Power gaming is when you have no discourse to tactics, despite what you may say. It's when you go browsing online for the latest gimmick. The combination of units that may or may not be fluffy (admittedly, sometimes, they are) that takes advantage of game mechanics rather than any actual thought on the player's part. Lash of Submission comes to mind-- it actually is kind of fluffy to have a slaanesh daemon be able to have a siren song type effect, but it's used to pull squads into charge range of Khorne Berserkers, and that's where I throw the red flag. It's a gimmick, not any actual tactics. Tactics are manevuering your models, taking advantage of cover, timing your charges and coordinating shooting to its maximum effect, all by outwitting your opponent rather than relying on something you had to bring to the table. There's no strategy in using the Lash, for example... it takes advantage of the turn sequence mechanics to do what it does.
I'm guilty of bringing things to stop these little "killer combos"-- don't get me wrong. But I make them the minority of points spent in the army, and not the singular focus. Nobody can say anything to me when they look at my 2000 point army and see that half the points are in Tactical Squads, and I don't bring Elites generally, but still win through coordinated interaction between units.

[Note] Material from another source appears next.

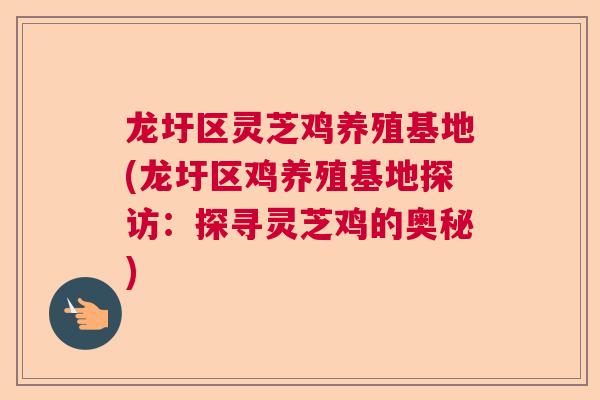 龙圩区灵芝鸡养殖基地(龙圩区鸡养殖基地探访：探寻灵芝鸡的奥秘)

I dislike power gaming. I really, truly do. When you act like you have to win at a game with little plastic spacemen at all costs, it reeks of tiny penis syndrome. Seriously, if you need to prove to people you're a real man, go get a degree, or become a noteworthy athlete amongst the local crowd, or something to that effect. Play with plastic spacemen because you can laugh about it, and at the end of the day, you like taking a stroll through the 41st millenium.